Problem details:
Leave out the pictures and retype exactly the lines from the one with "回馈用户 长沙乘龙M5牵引车钜惠2.81万" through the end of the records.

Captioned web images
-*-
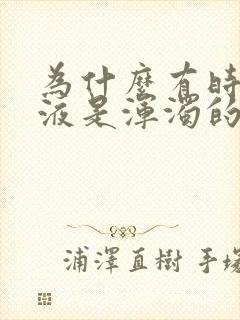 为什么有时候尿液是浑浊的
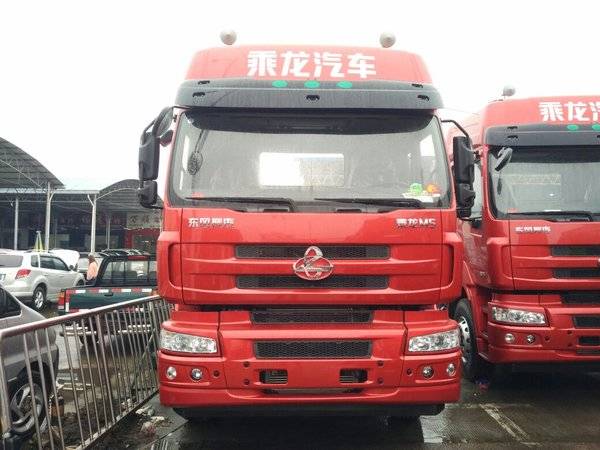 回馈用户 长沙乘龙M5牵引车钜惠2.81万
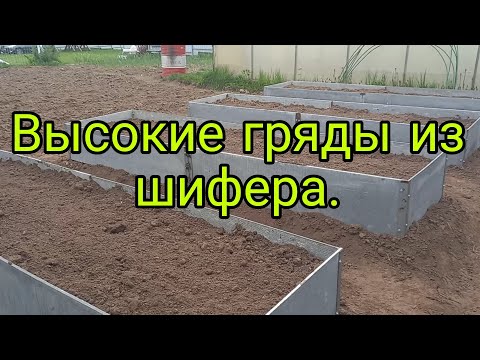 Видео: Высокие гряды из шифера.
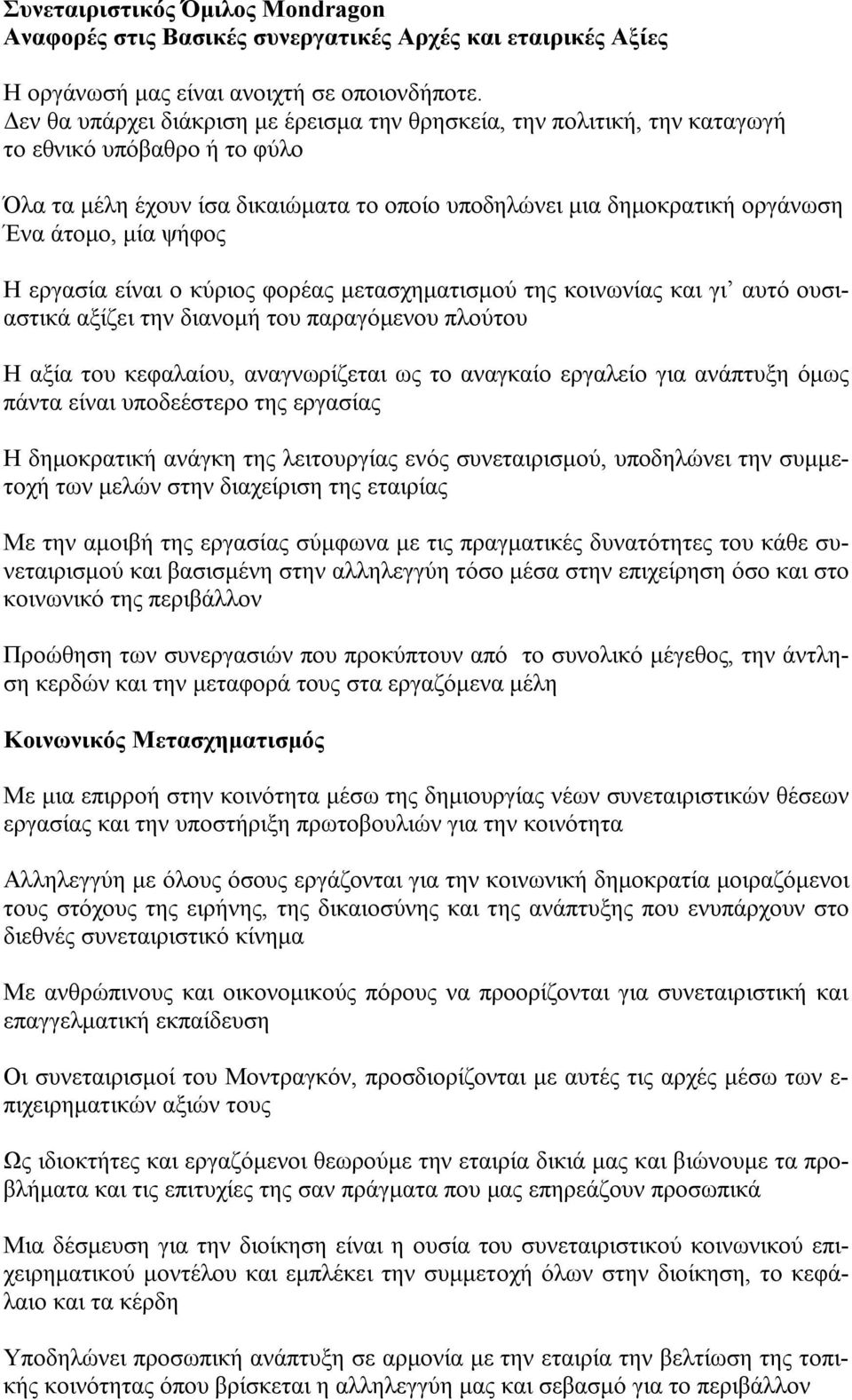 ψήφος Η εργασία είναι ο κύριος φορέας μετασχηματισμού της κοινωνίας και γι αυτό ουσιαστικά αξίζει την διανομή του παραγόμενου πλούτου Η αξία του κεφαλαίου, αναγνωρίζεται ως το αναγκαίο εργαλείο για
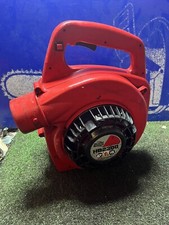 Komatsu Zenoah Hb2300 Petrol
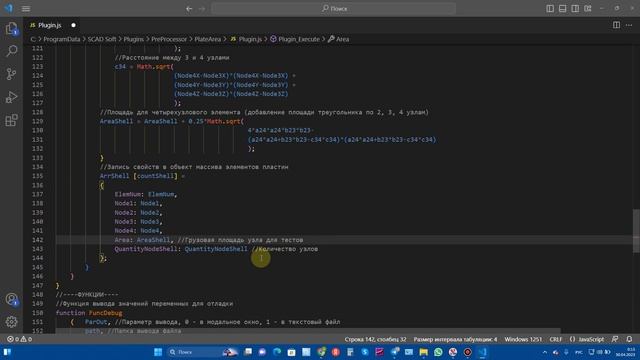 Демонстрация разработки плагина к SCAD++ PlateArea смотреть онлайн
-*-
Task answer:
 回馈用户 长沙乘龙M5牵引车钜惠2.81万
 Видео: Высокие гряды из шифера.
 ψήφος Η εργασία είναι ο κύριος φορέας μετασχηματισμού της κοινωνίας και γι αυτό ουσιαστικά αξίζει την διανομή του παραγόμενου πλούτου Η αξία του κεφαλαίου, αναγνωρίζεται ως το αναγκαίο εργαλείο για
 Komatsu Zenoah Hb2300 Petrol
 Демонстрация разработки плагина к SCAD++ PlateArea смотреть онлайн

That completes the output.